Implementation of a drug pedigree (or ‘mass serialisation’) would considerably reduce the risk of counterfeits entering the pharmaceutical supply chain. It would also control parallel trading (‘grey market’ trading), improve the accuracy of drug administration in hospitals, facilitate more efficient product recalls, improve drug availability and prevent dispensation of out-of-date medicines. These are all benefits that RFID might bring in terms of patient safety in the view of medicines.
In addition to these there are supply chain efficiency benefits that could be attained using RFID. Manufacturers, distributors, wholesalers and retailers would profit from improved inventory accuracy, reduced bureaucracy, better visibility, shorter turnaround times, lower staffing costs and better stock replenishment. There are also large financial incentives in cracking down on drug counterfeiting and parallel trading.

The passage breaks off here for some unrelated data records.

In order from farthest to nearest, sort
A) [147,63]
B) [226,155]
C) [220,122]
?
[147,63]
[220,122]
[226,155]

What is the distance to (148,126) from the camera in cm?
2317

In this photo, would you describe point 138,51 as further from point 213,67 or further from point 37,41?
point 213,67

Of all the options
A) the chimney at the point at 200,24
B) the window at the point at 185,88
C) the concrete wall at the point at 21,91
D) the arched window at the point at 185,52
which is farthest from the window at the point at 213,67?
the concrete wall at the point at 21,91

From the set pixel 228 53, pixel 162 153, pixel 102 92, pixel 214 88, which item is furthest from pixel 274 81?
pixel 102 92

The motivation to harness RFID in the healthcare world is quite different for each party. While supply chain efficiencies make a strong business case for large general retailers, wholesalers and distributors, the case is less obvious for manufacturers, hospitals and small pharmacies, who are more likely to pursue a patient safety or supply chain security business case. The opinion of RFID in providing the most value is also variable within the manufacturing industry; for manufacturers of high-risk POMs (e.g. Viagra) the appeal rests in anti-counterfeit and brand protection. Whereas manufacturers of OTC products such as cough medicines, the benefits might be in supply chain efficiency. Reconciling these motivations and bringing together technology providers with Healthcare professionals is the remaining hurdle to seeing RFID expanding in the Healthcare sector.
The race to the bottom?
Whilst the pharmaceutical industry have waited for the price of RFID to slowly spiral downward before taking it seriously, retailers, large pharmacy networks and the NHS have awoken to the true value of the technology. The NHS prepare and process in excess of 325 million units of POM medicines a year and this is set to increase by over 10 times in the next 5 years as the Department of Health and Social Care have committed to making and preparing more of our vital medicines. Each medicine will need to be trackable and RFID is actively being considered as the gold standard.
COVID-19 has also taught us difficult lessons about having total oversight of our stock of medicines and ensuring they are where they are needed. We have seen the most significant shortages of medicines in the last 4 years as the demand of all medicines steadily increases year on year, the manufacturing facilities have not grown accordingly, and more markets are trying to access the same medicines. This has led to a big increase in counterfeit and sub-therapeutic medicines in the continent.